In this section we look at some equations and inequalities that will come up throughout the text.

###### Example2.4.1.Line equations.

The standard form for the equation of a line in the $xy$-plane is $ax + by + d = 0\text{.}$ This line may be expressed via the complex variable $z = x + yi\text{.}$ For an arbitrary complex number $\beta = s + ti\text{,}$ note that

\begin{align*} \beta z + \overline{\beta z} \amp = \big[(sx - ty)+(sy+tx)i\big] + \big[(sx - ty) - (sy+tx)i\big]\\ \amp = 2sx - 2ty\text{.} \end{align*}

It follows that the line $ax + by + d = 0$ can be represented by the equation

\begin{gather*} \alpha z + \overline{\alpha z} + d = 0 \tag{equation of a line} \end{gather*}

where $\alpha = \frac{1}{2}(a - bi)$ is a complex constant and $d$ is a real number.

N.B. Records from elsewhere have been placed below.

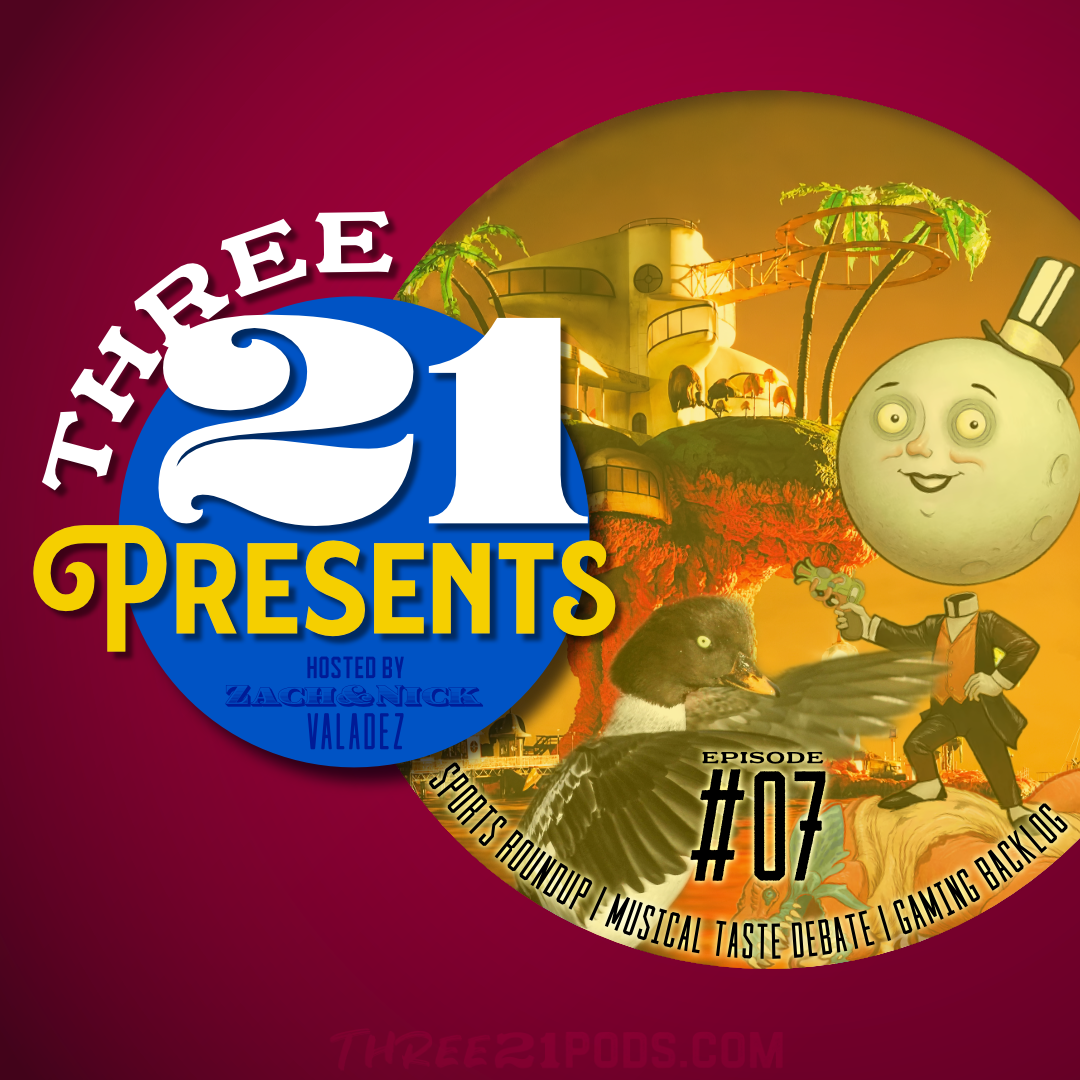 Ep.07: Asked and Answered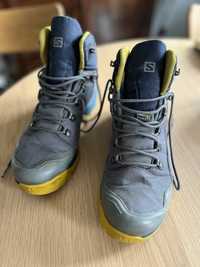 Buty trekkingowe Salomon Outback GoreTex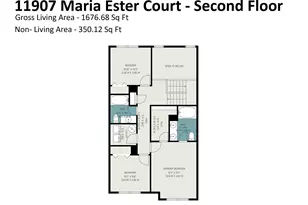 11907 Maria Ester Ct, Charlotte, NC 28277 - Photo 48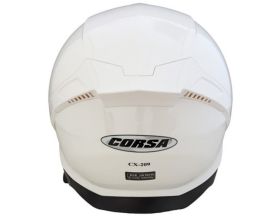 ΚΡΑΝΟΣ ΜΗΧΑΝΗΣ CORSA - CX209 white - 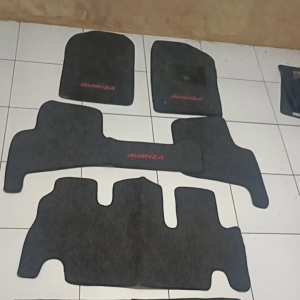 Suku Cadang Avanza: Panduan Lengkap untuk Mobil Keluarga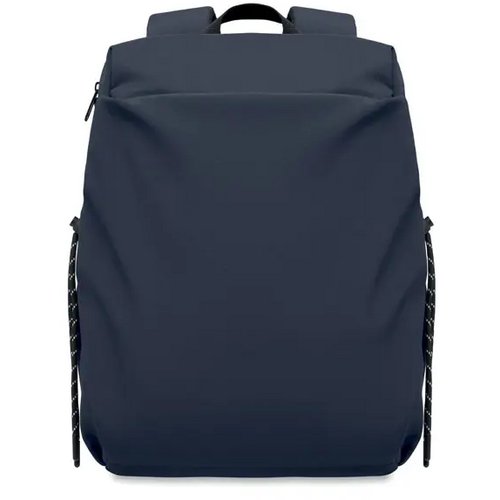 16" nylon laptop rugzak 17l Napa marineblauw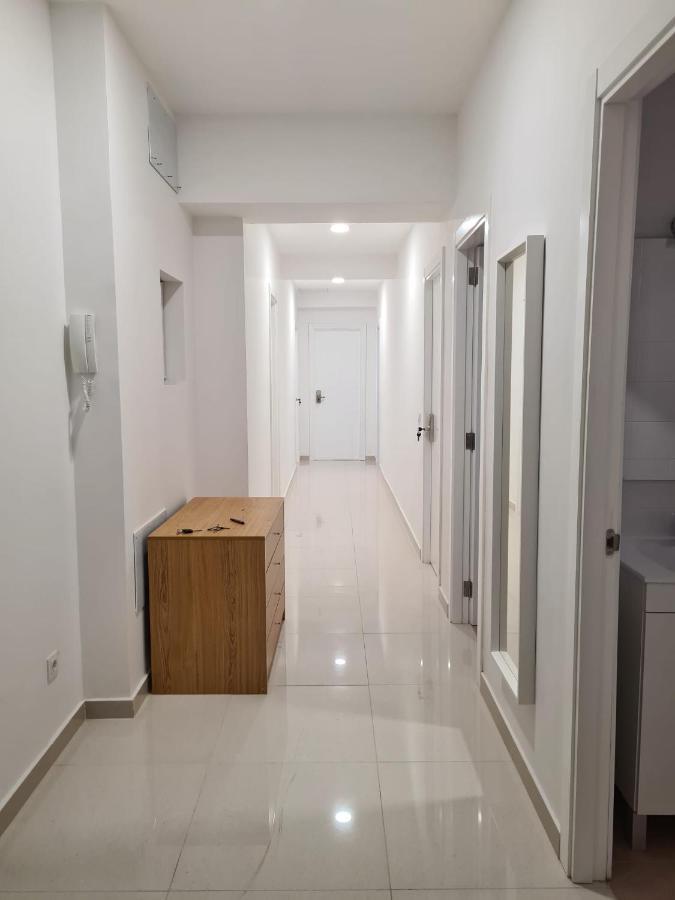 Kasa Holiday Apartment Las Palmas de Gran Canaria Exterior foto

Conversely, for any complex number $\alpha$ and real number $d\text{,}$ the equation

\begin{equation*} \alpha z + \overline{\alpha z} + d = 0 \end{equation*}

determines a line in $\mathbb{C}\text{.}$

We may also view any line in $\mathbb{C}$ as the collection of points equidistant from two given points.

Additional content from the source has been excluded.